Sales Reporting

(Link)

1. Overview

Assume we have multiple CSV files in the same folder. In general, they have the same layout and have the column headers are in the first row.

Imports the libraries we need.

                
import os
import pandas as pd
import matplotlib.pyplot as plt
import seaborn as sns
sns.set()
%matplotlib inline

from itertools import combinations
from collections import Counter

path = os.path.abspath('D:\DKTA\Tai lieu\github\project\Sales-Reporting\Sales-Reporting-main\data'
files = os.listdir(path)

df = pd.DataFrame()
for file in files:
    if file.endswith('.csv'):
        filepath = path + '\\' + file
        df = df.append(pd.read_csv(filepath), ignore_index=True)
df.head()
                
            

We have DataFrame: df with 6 columns: Order ID, Product, Quantity Ordered, Price Each, Order Date, Purchase Address

With code: df.shape will return the shape of df: 186850 rows and 6 columns

2. Process data

In the dataset have 545 values null of each columns. We drop mising values

Cast a pandas object to a specified dtype and add new column: day, month, sales, city

                
# Cast a pandas object to a specified dtype
df = df.astype({'Product':'category',
                'Quantity_Ordered':'int',
                'Price_Each':'float',
                'Quantity_Ordered':'int'})
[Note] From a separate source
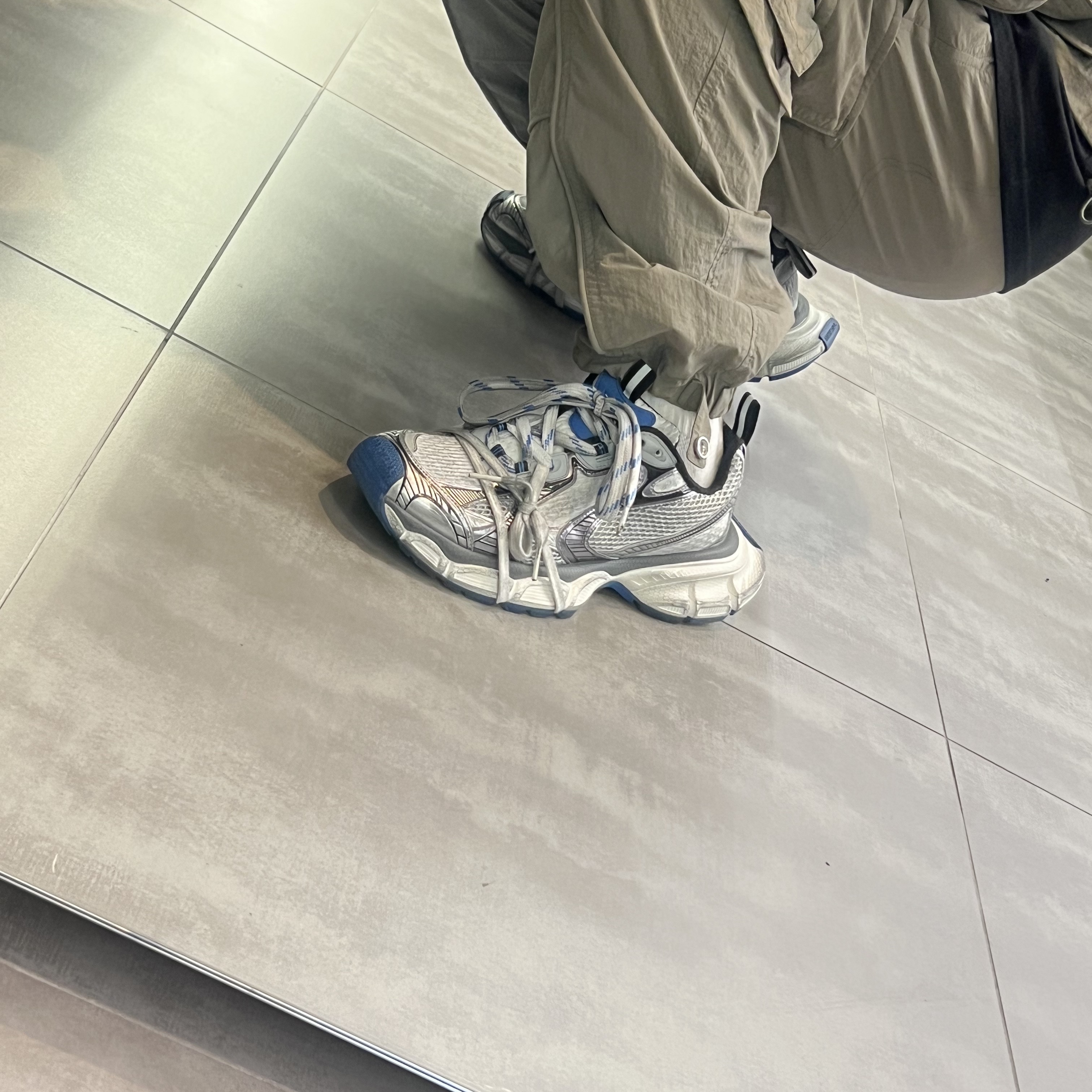 Balenciaga 3XL Sneakers Grey White Blue 착용 스타일 - 2
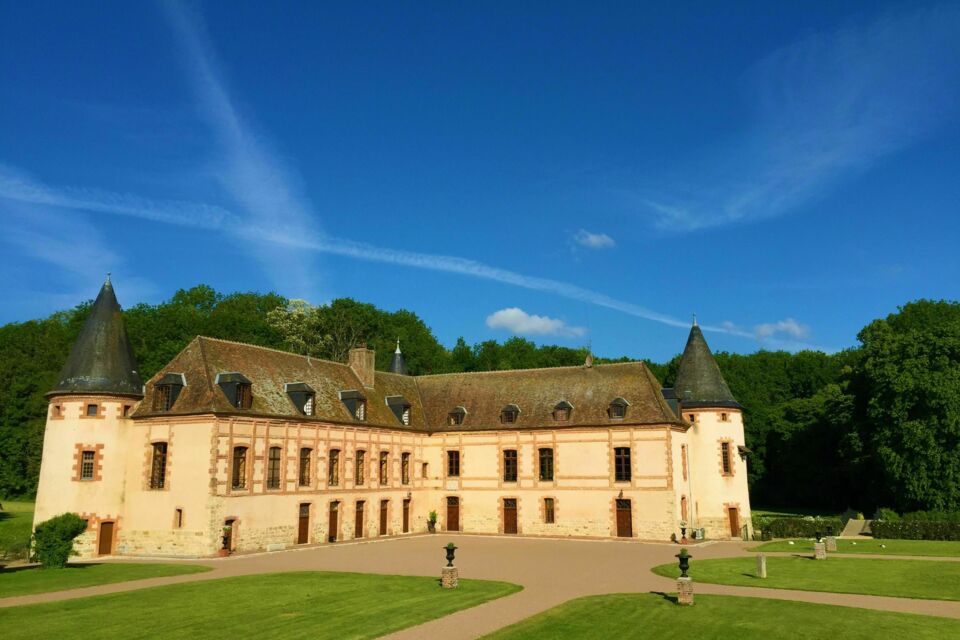 ABC Salles – DR - Le Château de Chevillon, un lieu d’exception chargé d’histoire, vous offre un cadre intime et raffiné pour célébrer votre mariage ou organiser des événements mémorables, avec des prestations sur-mesure dans un environnement bucolique.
df['Order_Date'] = pd.to_datetime(df['Order_Date'])

df['day'] = pd.DatetimeIndex(df['Order_Date']).day
df['month'] = pd.DatetimeIndex(df['Order_Date']).month

# Add new column: calculate total, city
df['Sales'] = df['Quantity_Ordered'] * df['Price_Each']
df['City'] = df['Purchase_Address'].apply(lambda x: x.split(',')[1])
df.head()
                
            

Creat dataframe groupby Product

                
all_products = df.groupby('Product').sum()['Quantity_Ordered']
prices = df.groupby('Product').mean()['Price_Each']
total = df.groupby('Product').sum()['Sales']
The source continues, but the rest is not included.